Ask HN: Does anybody still use Siri? - jacquesm
When Siri came out on the iphone everybody was showing it off to everybody else and it seemed as though voice recognition as an interface to cell phones had finally arrived. The last year or so I&#x27;ve hardly ever seen anybody use Siri (or an Android equivalent) and I&#x27;m wondering if it is even in structural use at all.<p>So, do you still use Siri or some equivalent?<p>If so, what are your main use cases?
======
icanhackit
Use it at least a few times a week. Use cases:

    
    
      Set reminders (e.g. "remind me at 10pm to take out the garbage")
      Timers (countdowns for cooking)
      Call my partner/friends while my phone is in my pocket (via headphones)
      Wiki things/trivia (when someone says something or asks something that is esoteric)
      Set once-off alarms
      Find places
    

I've noticed it's getting incredibly good at figuring out what I'm saying -
you can often see it refining its interpretation in real-time. Sometimes it's
nailed requests that I thought it had no chance in hell of getting right.

------
Pyrodogg
Default functionality?

"Ok Google, will it rain today?" \- This I use pretty regularly while I'm
getting ready in the morning.

Personally hacked together functionality!

"Ok Google, turn the bedroom light on."

"Ok Google, turn all lights off."

"Ok Google, turn (?:the )?(?<loc>.+) lights? (?<state>.+)" Tasker-flavored
regular expression.

Controls the relevant Hue lights in my apartment using Tasker + AutoVoice +
Hue Pro Tasker.

I occasionally tinker and extend my hacked together Tasker functionality
during my morning commute.

I never use the "Ok Google" functionality in public, only in the privacy of my
own home.

------
PhantomGremlin
There's two aspects to Siri. First is speech recognition, second is the actual
AI.

Apple's speech recognition is very good.

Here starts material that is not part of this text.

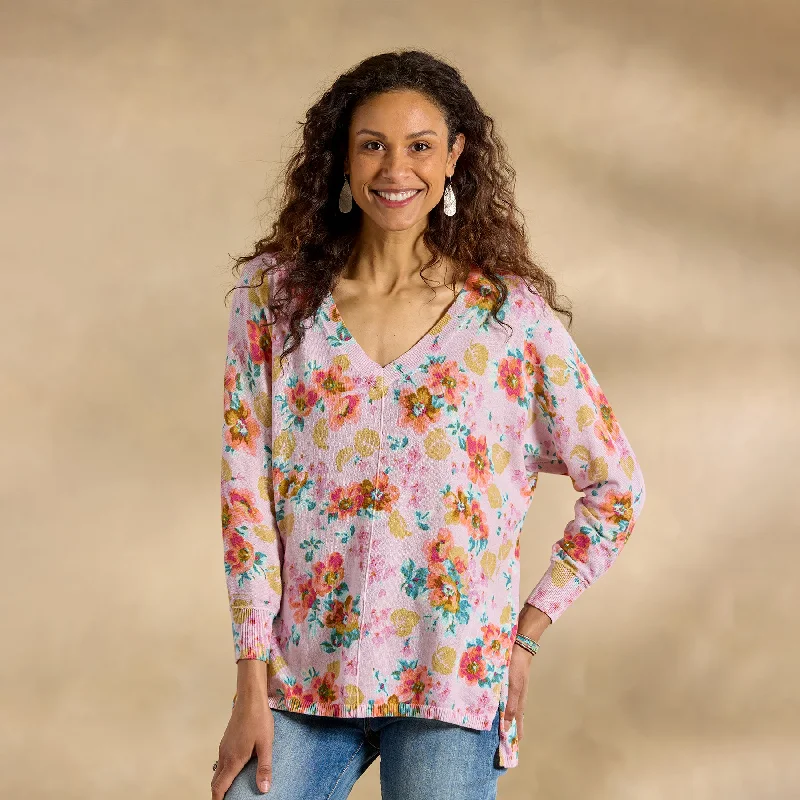 Floral Johanna Sweater, PetiteFitted Knit Tops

I use it as speech-to-text all the
time in iMessage. I save a lot of time by speaking rather than by typing. It's
more than 95% accurate for that purpose.

The Siri AI is very hit-or-miss. Sure it's great for finding out the latest
football score. But if it winds up only being 50% responsive in general (and
that's what it was for me), then it's not worth the trouble.

Once a person gives up on Siri, then it could take years before they make the
effort to use it again. That's probably the current situation for a lot of
people. That's where I'm at.

Edit: forgot to mention that i use a staccato voice for the voice recognition.
Short pauses between words. It drives my kids crazy hearing it when they're in
the same room, but it really improves the hit rate.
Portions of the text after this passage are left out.